#### Required action
Reproduce word for word, from the entries below, the line with "Image result for Nesaea pygmaea", the line with "A Plant to Know: Variegated Peppermint", and every line between them, and nothing more.

Short descriptive text snippets
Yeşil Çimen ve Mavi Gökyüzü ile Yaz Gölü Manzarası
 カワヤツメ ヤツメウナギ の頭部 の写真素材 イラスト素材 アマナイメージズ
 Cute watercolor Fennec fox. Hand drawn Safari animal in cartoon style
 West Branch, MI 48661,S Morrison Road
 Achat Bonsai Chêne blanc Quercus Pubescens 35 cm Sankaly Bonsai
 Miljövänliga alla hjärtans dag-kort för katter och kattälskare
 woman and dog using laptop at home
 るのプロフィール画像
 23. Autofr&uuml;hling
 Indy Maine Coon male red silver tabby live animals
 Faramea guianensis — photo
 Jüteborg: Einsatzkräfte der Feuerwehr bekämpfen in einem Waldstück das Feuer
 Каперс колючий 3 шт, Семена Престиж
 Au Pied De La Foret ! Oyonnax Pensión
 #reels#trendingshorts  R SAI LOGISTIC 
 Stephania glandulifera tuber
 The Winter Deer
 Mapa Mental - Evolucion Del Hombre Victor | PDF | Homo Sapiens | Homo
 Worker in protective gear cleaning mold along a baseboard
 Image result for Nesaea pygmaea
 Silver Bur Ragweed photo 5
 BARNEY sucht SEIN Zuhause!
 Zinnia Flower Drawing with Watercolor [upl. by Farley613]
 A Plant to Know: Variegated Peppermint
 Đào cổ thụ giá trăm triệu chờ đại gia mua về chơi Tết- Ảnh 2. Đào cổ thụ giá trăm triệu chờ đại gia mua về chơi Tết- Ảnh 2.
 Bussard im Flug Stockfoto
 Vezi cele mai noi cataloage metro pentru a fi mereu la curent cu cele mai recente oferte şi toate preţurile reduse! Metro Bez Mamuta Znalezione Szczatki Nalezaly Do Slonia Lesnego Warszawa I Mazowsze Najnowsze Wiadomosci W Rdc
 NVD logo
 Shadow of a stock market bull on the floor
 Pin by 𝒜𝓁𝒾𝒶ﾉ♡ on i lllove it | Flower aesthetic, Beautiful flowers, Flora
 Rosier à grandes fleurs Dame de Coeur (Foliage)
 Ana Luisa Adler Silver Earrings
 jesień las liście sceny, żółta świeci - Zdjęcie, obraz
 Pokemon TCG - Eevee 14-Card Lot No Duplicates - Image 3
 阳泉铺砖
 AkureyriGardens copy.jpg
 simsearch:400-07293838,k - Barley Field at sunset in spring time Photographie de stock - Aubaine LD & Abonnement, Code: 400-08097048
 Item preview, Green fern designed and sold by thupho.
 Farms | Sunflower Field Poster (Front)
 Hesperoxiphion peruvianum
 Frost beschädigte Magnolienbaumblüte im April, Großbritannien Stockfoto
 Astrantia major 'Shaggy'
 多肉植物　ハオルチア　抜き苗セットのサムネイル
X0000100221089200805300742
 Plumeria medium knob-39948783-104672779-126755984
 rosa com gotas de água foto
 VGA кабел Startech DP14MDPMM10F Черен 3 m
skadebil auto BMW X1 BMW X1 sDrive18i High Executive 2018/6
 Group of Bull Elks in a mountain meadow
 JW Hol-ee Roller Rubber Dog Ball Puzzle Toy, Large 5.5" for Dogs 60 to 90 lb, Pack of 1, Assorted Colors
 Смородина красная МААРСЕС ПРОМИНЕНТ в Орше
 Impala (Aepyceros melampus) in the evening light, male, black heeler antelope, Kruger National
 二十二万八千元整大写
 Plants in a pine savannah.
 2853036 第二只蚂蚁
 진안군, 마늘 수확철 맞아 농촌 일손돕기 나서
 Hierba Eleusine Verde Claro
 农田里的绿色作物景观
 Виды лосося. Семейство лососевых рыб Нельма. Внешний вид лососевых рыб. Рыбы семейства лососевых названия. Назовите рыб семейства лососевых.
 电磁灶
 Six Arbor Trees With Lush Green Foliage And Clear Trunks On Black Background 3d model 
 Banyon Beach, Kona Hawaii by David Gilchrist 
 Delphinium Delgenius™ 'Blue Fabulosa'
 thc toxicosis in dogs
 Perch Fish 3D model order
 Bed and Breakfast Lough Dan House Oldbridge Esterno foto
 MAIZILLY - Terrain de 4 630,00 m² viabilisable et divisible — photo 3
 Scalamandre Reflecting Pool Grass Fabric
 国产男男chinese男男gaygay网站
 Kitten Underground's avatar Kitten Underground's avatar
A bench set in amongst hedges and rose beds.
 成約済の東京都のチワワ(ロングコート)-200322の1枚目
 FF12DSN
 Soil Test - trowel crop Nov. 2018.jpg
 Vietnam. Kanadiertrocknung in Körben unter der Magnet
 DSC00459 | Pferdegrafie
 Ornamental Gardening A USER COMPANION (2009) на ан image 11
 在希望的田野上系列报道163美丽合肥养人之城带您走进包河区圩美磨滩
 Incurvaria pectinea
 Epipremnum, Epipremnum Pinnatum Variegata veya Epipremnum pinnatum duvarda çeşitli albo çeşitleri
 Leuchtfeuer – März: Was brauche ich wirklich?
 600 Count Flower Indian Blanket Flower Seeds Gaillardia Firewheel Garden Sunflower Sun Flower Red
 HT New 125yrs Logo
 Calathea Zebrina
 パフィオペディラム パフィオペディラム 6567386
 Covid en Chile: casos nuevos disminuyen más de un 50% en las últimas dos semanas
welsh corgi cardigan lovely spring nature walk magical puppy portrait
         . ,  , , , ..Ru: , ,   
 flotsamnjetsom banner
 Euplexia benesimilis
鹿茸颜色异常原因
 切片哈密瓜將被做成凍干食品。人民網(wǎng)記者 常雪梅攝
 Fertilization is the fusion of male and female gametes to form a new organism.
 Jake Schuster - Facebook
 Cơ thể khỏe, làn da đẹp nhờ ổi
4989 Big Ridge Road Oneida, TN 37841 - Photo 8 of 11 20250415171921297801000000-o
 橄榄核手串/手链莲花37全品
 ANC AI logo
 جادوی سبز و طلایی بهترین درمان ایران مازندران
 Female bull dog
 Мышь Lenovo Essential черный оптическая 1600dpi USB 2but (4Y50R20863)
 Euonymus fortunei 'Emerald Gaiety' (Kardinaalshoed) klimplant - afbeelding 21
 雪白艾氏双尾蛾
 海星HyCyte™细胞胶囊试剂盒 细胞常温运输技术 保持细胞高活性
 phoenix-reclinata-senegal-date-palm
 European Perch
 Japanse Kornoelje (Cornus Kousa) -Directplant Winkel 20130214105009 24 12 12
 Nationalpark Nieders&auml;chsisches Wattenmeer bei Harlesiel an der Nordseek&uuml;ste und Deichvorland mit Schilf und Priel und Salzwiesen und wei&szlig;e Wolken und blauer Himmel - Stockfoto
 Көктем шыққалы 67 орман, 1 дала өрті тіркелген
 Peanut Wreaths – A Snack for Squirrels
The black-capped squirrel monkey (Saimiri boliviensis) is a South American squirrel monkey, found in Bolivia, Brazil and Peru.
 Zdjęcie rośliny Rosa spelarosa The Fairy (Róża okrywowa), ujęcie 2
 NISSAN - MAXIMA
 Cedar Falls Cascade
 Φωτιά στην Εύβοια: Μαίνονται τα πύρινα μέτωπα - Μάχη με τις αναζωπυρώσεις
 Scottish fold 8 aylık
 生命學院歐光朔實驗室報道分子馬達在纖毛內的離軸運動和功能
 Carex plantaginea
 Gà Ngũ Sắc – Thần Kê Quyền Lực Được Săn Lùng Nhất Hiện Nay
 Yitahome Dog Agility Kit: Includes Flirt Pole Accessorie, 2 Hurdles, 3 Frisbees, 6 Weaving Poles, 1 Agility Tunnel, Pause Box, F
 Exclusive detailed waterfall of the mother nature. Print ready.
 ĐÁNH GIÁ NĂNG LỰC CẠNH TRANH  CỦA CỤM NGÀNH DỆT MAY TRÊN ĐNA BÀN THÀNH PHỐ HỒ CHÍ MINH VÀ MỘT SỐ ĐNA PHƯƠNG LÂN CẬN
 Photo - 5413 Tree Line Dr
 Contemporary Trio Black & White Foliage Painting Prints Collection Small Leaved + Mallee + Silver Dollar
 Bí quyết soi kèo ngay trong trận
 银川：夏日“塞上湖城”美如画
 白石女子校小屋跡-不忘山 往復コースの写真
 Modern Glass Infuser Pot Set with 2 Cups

#### Answer to this task
 Image result for Nesaea pygmaea
 Silver Bur Ragweed photo 5
 BARNEY sucht SEIN Zuhause!
 Zinnia Flower Drawing with Watercolor [upl. by Farley613]
 A Plant to Know: Variegated Peppermint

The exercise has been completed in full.